Block used to manage authentication with AzureML. Azure authentication is handled via the azure module. Args:
  • tenant_id: The active directory tenant that the service identity belongs to.
  • service_principal_id: The service principal ID.
  • service_principal_password: The service principal password/key.
  • subscription_id: The Azure subscription ID containing the workspace.
  • resource_group: The resource group containing the workspace.
  • workspace_name: The existing workspace name.
Methods:

get_workspace 

get_workspace(self) -> 'Workspace'
Returns an authenticated base Workspace that can be used in Azure’s Datasets and Datastores.

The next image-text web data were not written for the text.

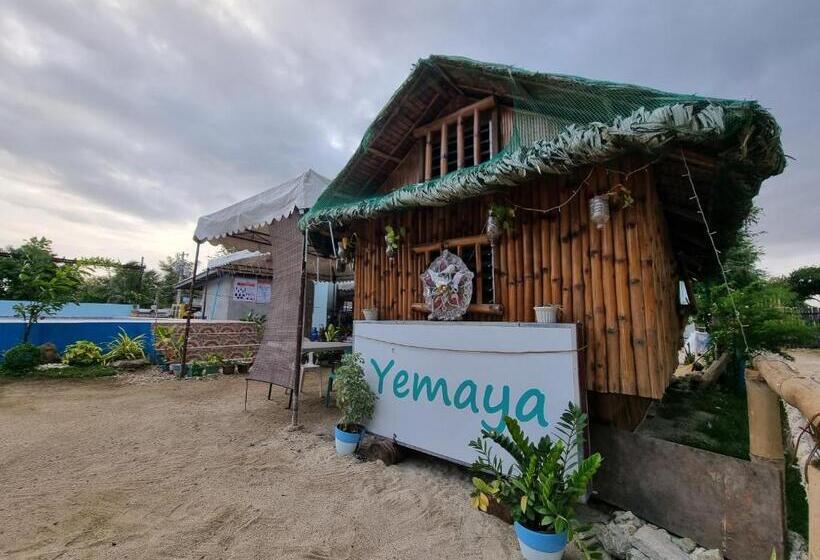 Yemaya De Laiya Powered By Cocotel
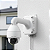 Suporte De Câmera Parede Hikvision Ds-1701Zj/Hwb 307500079 - Imagem 1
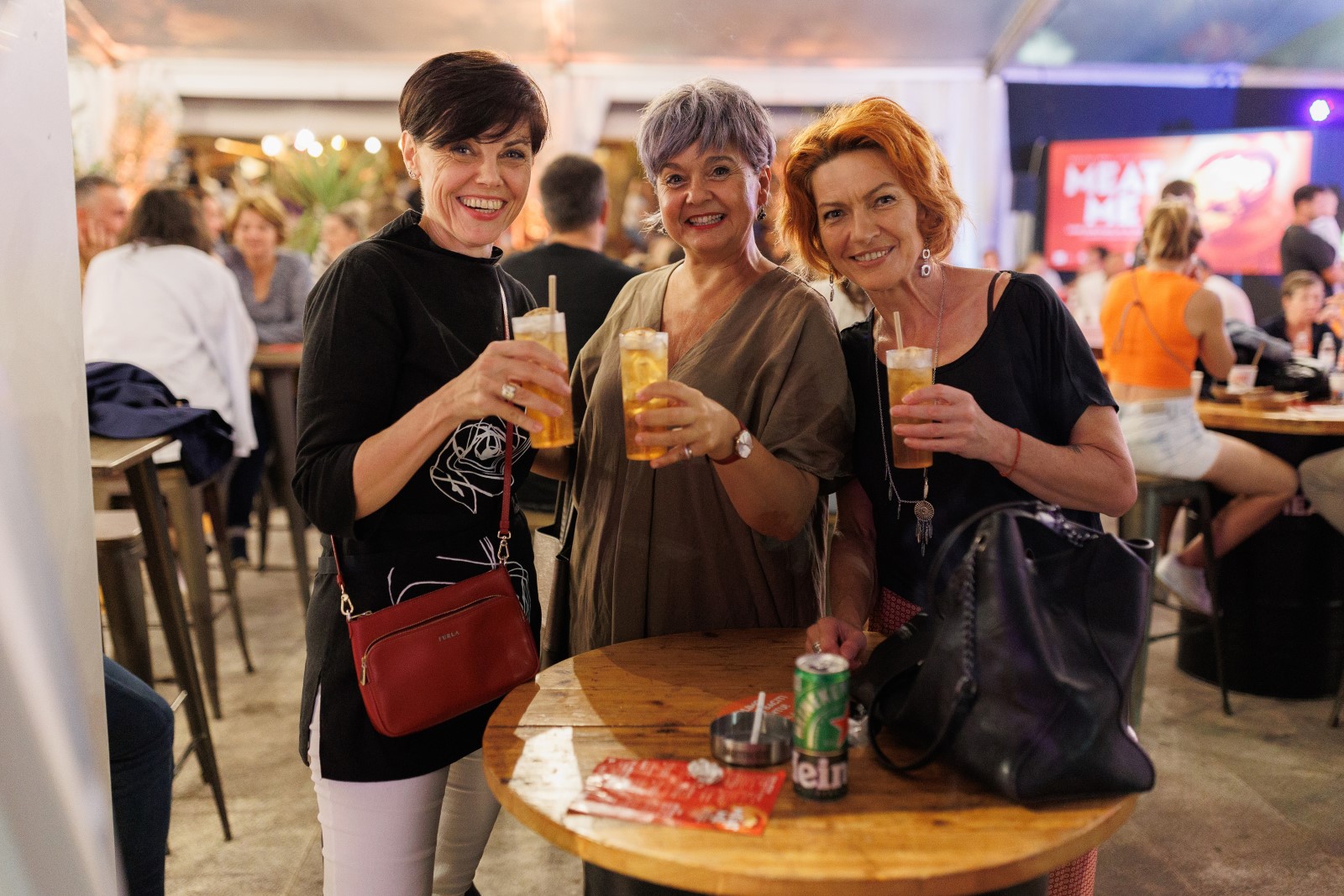 Elemental @ Meat Me 4.0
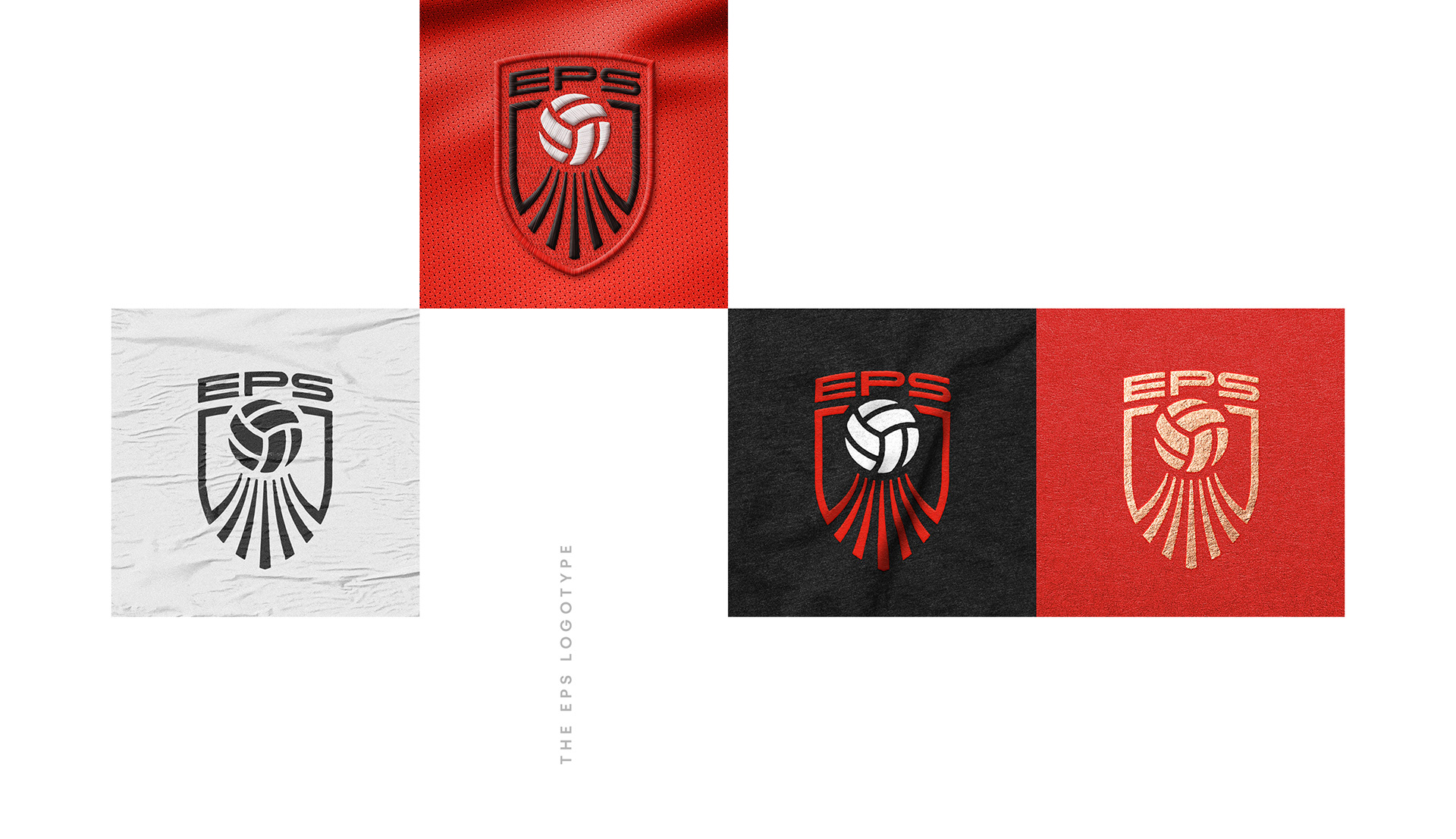 eps-football-club足球俱乐部品牌设计via:kumppari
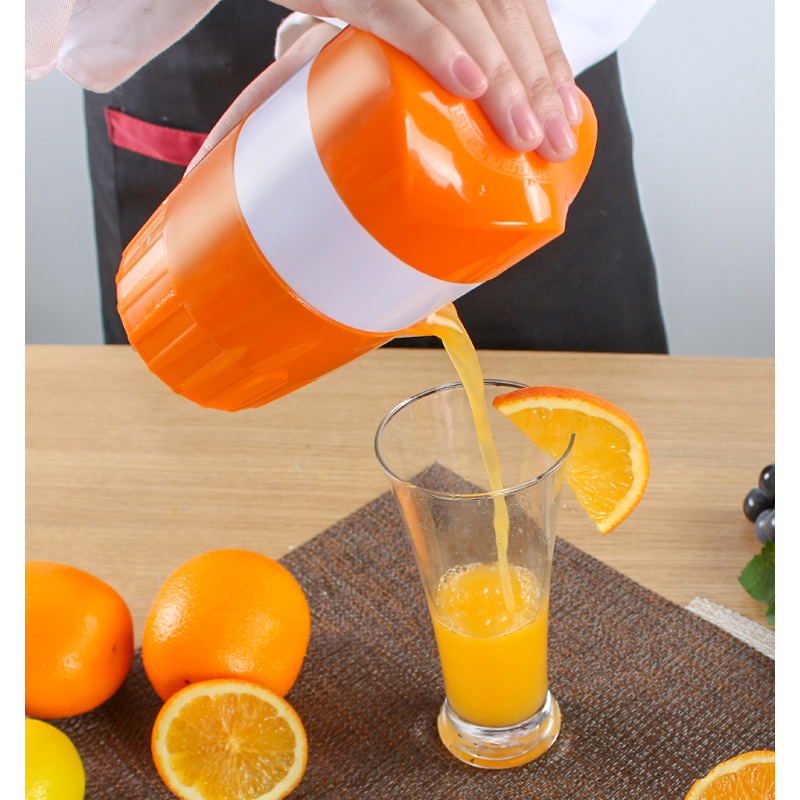 【克欧克】橙汁机家用手动榨汁机榨橙器挤柠檬神器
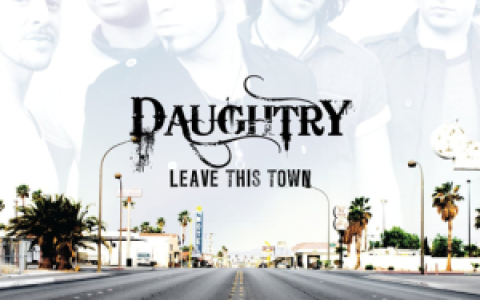 Daughtry歌曲:Learn My Lesson歌词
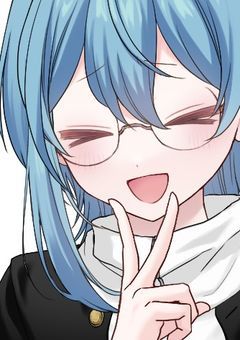 キャラを色々します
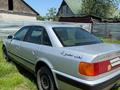 Audi 100 1991 года за 1 300 000 тг. в Алматы – фото 7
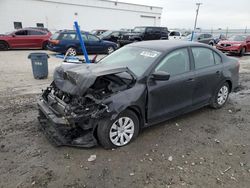 2015 Volkswagen Jetta Base en venta en Farr West, UT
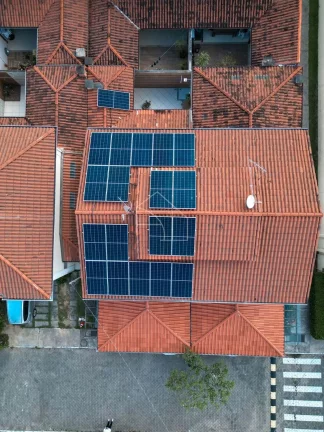 Imagem Casa em Condomínio Vila dos Pássaros – Morada de Laranjeiras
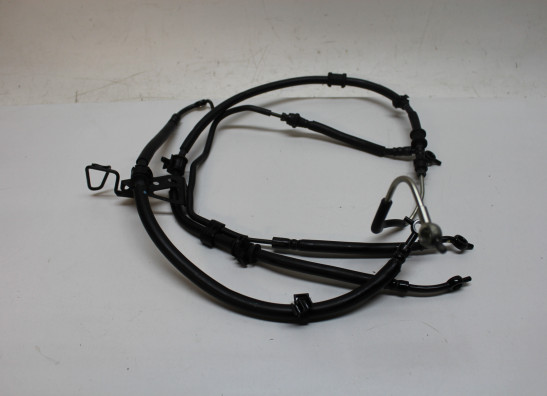 Brake hose front Yamaha Tenere 700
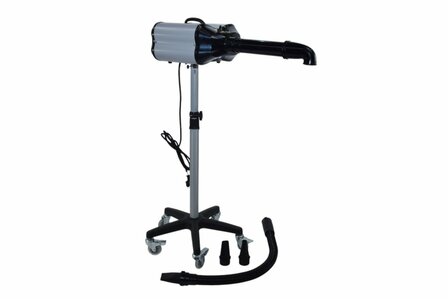 Waterblazer Dogophant TW01 op Statief (2800 Watt)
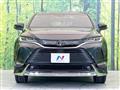 2022 Toyota Harrier
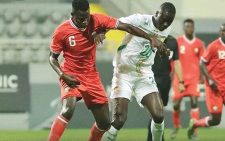Kenya-Senegal 8-0 scoreline and other clashes that defied the scoreboard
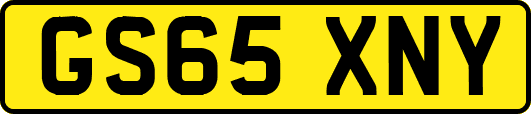 GS65XNY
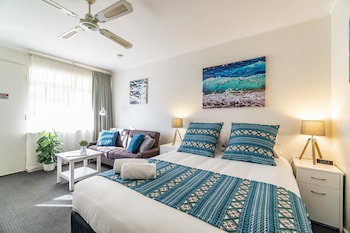 Bellevue Heights SA Nambucca Heads Accommodation
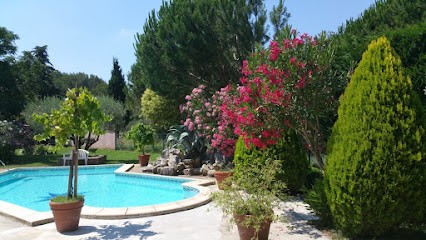 Eric Giraud Multiservices Jardinier Espace Vert, Paysagiste à Saint-Théodorit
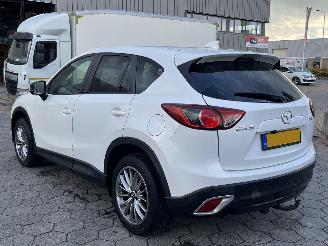 Mazda CX-5 2.0 TS 2WD picture 6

AzureContainerInstanceCredentials

Block used to manage Azure Container Instances authentication. Stores Azure Service Principal authentication data. Methods:

get_container_client 

get_container_client(self, subscription_id: str)
Creates an Azure Container Instances client initialized with data from this block’s fields and a provided Azure subscription ID. Args:
  • subscription_id: A valid Azure subscription ID.
Returns:
  • An initialized ContainerInstanceManagementClient

get_resource_client 

get_resource_client(self, subscription_id: str)
Creates an Azure resource management client initialized with data from this block’s fields and a provided Azure subscription ID. Args:
  • subscription_id: A valid Azure subscription ID.
Returns:
  • An initialized ResourceManagementClient

validate_credential_kwargs 

validate_credential_kwargs(cls, values)
Validates that if any of client_id, tenant_id, or client_secret are provided, all must be provided.

AzureDevopsCredentials

Block used to authenticate with Azure DevOps using a Personal Access Token. Attributes:
  • token: A Personal Access Token generated from Azure DevOps.
Methods:

get_auth_header 

get_auth_header(self) -> Dict[str, str]
Returns an HTTP Authorization header using the stored PAT. This can be used for Azure DevOps REST API calls.